Three cheers for Hume - Of Superstition and Religion. I've read it, and it was a seminal work in the secular critique of religion, but let's also say three cheers for Thomas Aikenhead.

Quote:
Less than 15 years before Hume's birth, an 18-year-old University student named Thomas Aikenhead was tried, convicted, and hanged for blasphemy for saying Christianity was nonsense.


Three cheers for Galileo, whom I'm sure you know, and for Anna Goddi whom you probably don't. She was the last 'witch' to be murdered by the Inqisition, Winter Solstice Eve, 22 December 1792, dragged from her little house and burnt alive in frount of the rest of the village.

I'm making this argument to put all this madness in context, and it says something truly profound about contemporary society and the future of this odd thing called man. I hope you'll bear with me while I build on this foundation - but there's some way to go yet.

iconoclast.
iconoclast
 
  1  
Reply Fri 12 Sep, 2008 04:22 am
@iconoclast,
sarathustra,

Thanks very much. Another insightful comment - but yes, man hit upon this relation before developing spoken language beyond the grunt and gesture stage. Namenclature requires an abstract conceptual mode of thought - to link the particular vocal sound with the object.

I think the Sun as source of warmth, given the emotional effect it has on us, and its position in the sky, relative to the earth, could very likely account for the Sky God - Mother Earth dynamic that Didymos Thomas refers to, but not before the concept of God was arrived at.

You say the first religion was the appreciation of nature - and I agree to some extent, this was primitive man awaking intellectually to marvel at his existence in the world - in the most primtive conceptual terms. Man was in nature and of nature - and the idea of Creation, and his place within it would have seemed very real and immanent. But this wasn't religion as such - it was something far more pure and wonderful. I want to go on to discuss this very question so I'll not give too much away at this stage.
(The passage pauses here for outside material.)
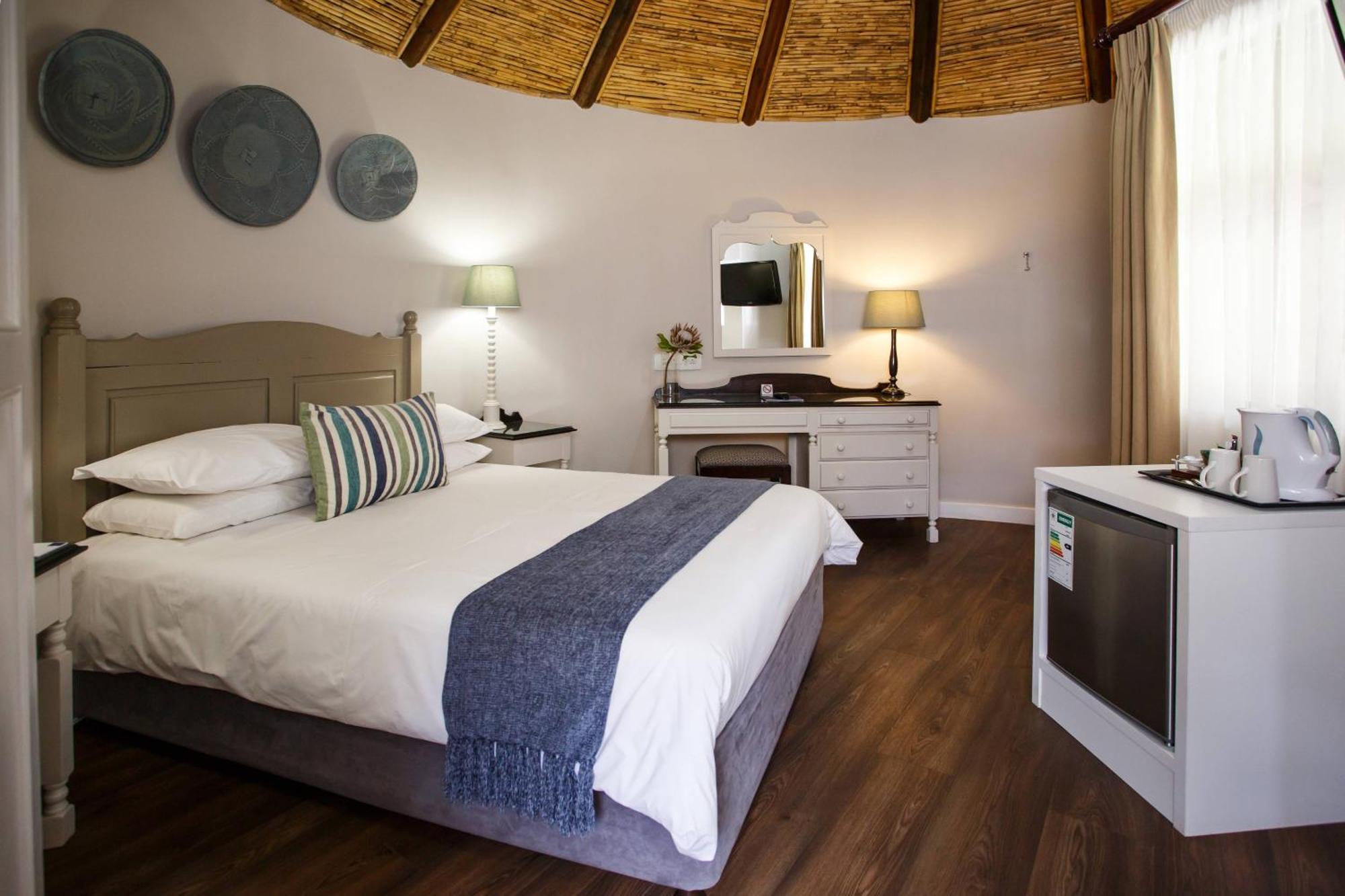 Protea Hotel By Marriott Oudtshoorn Riempie Estate Экстерьер фото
Just say thank you, sara, for your comments.

iconoclast.
iconoclast
 
  1  
Reply Fri 12 Sep, 2008 04:57 am
@iconoclast,
Didymos Thomas,

Quote:
The artifact-artificer is not the sole inspiration for the first notions of God.


I wouldn't claim to KNOW what the first inspirations for God were. I'm putting forward a theory that seems to explain a great many facts. I'm looking at this question in terms of the evolutionary development of conceptualisation - and therefore looking for the minimal conceptual steps required to construct this idea from a basis in ignorance.

In terms of this approach, as I said to sara:

Quote:
I think the Sun as source of warmth, given the emotional effect it has on us, and its position in the sky, relative to the earth, could very likely account for the Sky God - Mother Earth dynamic that Didymos Thomas refers to, but not before the concept of God was arrived at.


You say:
Quote:
I'm not sure what you are building towards, but the first premise is faulty - its a misrepresentation of the god of early man and of the source of those gods.


How do you KNOW? It's 35,000 years ago - we can but speculate, and this particular speculation has a number of merits, not least in that it fits absolutely with an evolutionary conception of man, and that it explains the 'creative explosion' the sudden development of artistic artefacts after millenia of 'progress so slow it hardly seems like progress at all.' (James Shreeve. 'The Neanderthal Enigma.')

I'm not sure what you mean by:

Quote:
the first premise is faulty


I know you don't refute evolution in defence of your own ideas on religion, because we've had the debate. If you have some determinate knowledge of this question I know of a great many people who would like to speak to you. But you don't - because you can't, and nor can I. We can only look at these questions in terms of what we do know to be true, i.e. evolution, and archeological evidence.

iconoclast.
0 Replies
 
Grimlock
 
  1  
Reply Fri 12 Sep, 2008 05:16 am
@iconoclast,
iconoclast wrote:
Grimlock,

Thanks - but I don't agree that cause and effect are entriely specious...


Neither do I.

Quote:
- just of limited validity. Fascinating question isn't it - a real mindbender, but I think that human beings have free will, original and creative intentionality not determined by the dynamics of the universe per se, and thus the existence of intellect changes the very nature of reality.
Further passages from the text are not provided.